What is the Post-2015 Agenda?
The Post-2015 Development Agenda is a United Nations-led process to help define the future global development framework that will succeed the UN Millennium Development Goals (MDGs) and will follow up on the outcome of the Rio+20 Conference on Sustainable Development.
In 2000, the UN Millennium Summit agreed on eight specific goals – the MDGs. These were aimed at reducing global poverty and saving lives and are set to expire in 2015. In 2012 the United Nations Conference on Sustainable Development (Rio+20) agreed to develop a set of Sustainable Development Goals (SDGs) to address the key challenges of sustainability, and prepare options for a sustainable development financing strategy.
The Post-2015 Agenda will address the challenges of poverty eradication and sustainable development globally for all countries in the world. In July 2014, the UN General Assembly's Open Working Group delivered its proposal for a set of 17 goals (and 169 targets) on the following challenges and opportunities:
- hunger, food security, nutrition and sustainable agriculture
- health and well-being
- gender equality and women's empowerment
- water and sanitation
- inclusive and sustainable growth, employment and decent work
- infrastructure, sustainable industrialisation and innovation
- cities and human settlements
- sustainable consumption and production patterns
- climate change
- oceans, seas and marine resources
- terrestrial ecosystems, forests, desertification, land degradation and biodiversity
- peaceful and inclusive societies, access to justice and accountable institutions
- means of implementation and the global partnership for sustainable development
It was also decided at UN level that this will be the main basis for integrating the SDGs into the post-2015 agenda. In addition, in December 2014, the UN Secretary General published a Synthesis Report “The Road to Dignity by 2030: Ending Poverty, Transforming All Lives and Protecting the Planet”.
What happens next?
The wide consultations with stakeholders and intergovernmental negotiations that have taken place to date will culminate in a special Summit on sustainable development at the United Nations in September 2015, where world leaders will be asked to agree the new agenda, including a set of Sustainable Development Goals.
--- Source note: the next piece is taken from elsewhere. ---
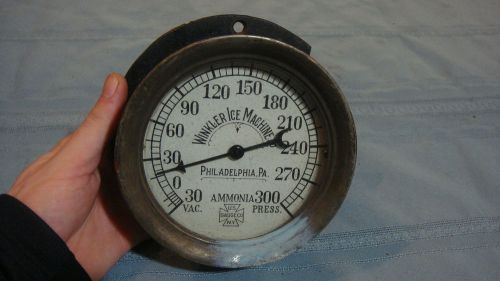 ANTIQUE VINTAGE WINKLER ICE MACHINE Co. AMMONIA GAUGE. U.S. GAUGE Co. N.Y.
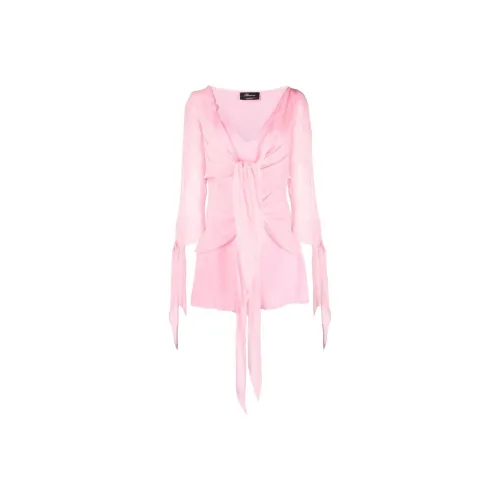 Blumarine Розовые Женские Длинные Платья с Рукавами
Prior to the September Summit in New York, the international community will gather for the third International Conference on Financing for Development in Addis Ababa, in July 2015. The Conference is expected to lay out how the newly proposed post-2015 framework could be implemented through both financial and non-financial “means of implementation”. This reflects the fact that in order to successfully put the post-2015 framework into practice, it will need both the right policies and adequate financial means at a number of different levels.
Agreement on the post-2015 agenda will also have important implications for negotiations for the 21st Conference of the Parties (COP21) of the UN Framework Convention on Climate Change in Paris in December.
What are the key elements of a Global Partnership for Poverty Eradication and Sustainable Development after 2015?
With its new Communication on “Global Partnership for Poverty Eradication and Sustainable Development after 2015” the European Commission is setting out its views on the overarching principles and main components necessary for the implementation of the post-2015 agenda. It shows how all countries, including the EU and its Member States could contribute to the international efforts to eradicate poverty and boost sustainable development, identifying the following set of overarching principles to frame EU thinking, and key components for future actions:
- An enabling and conducive policy environment: Both internationally, and in individual countries, a coherent mix of effective policies, practices, institutions and resources is needed to create the right conditions for implementing the post-2015 agenda. This includes legal frameworks and economic instruments and incentives. Good governance at all levels is also an essential objective in itself.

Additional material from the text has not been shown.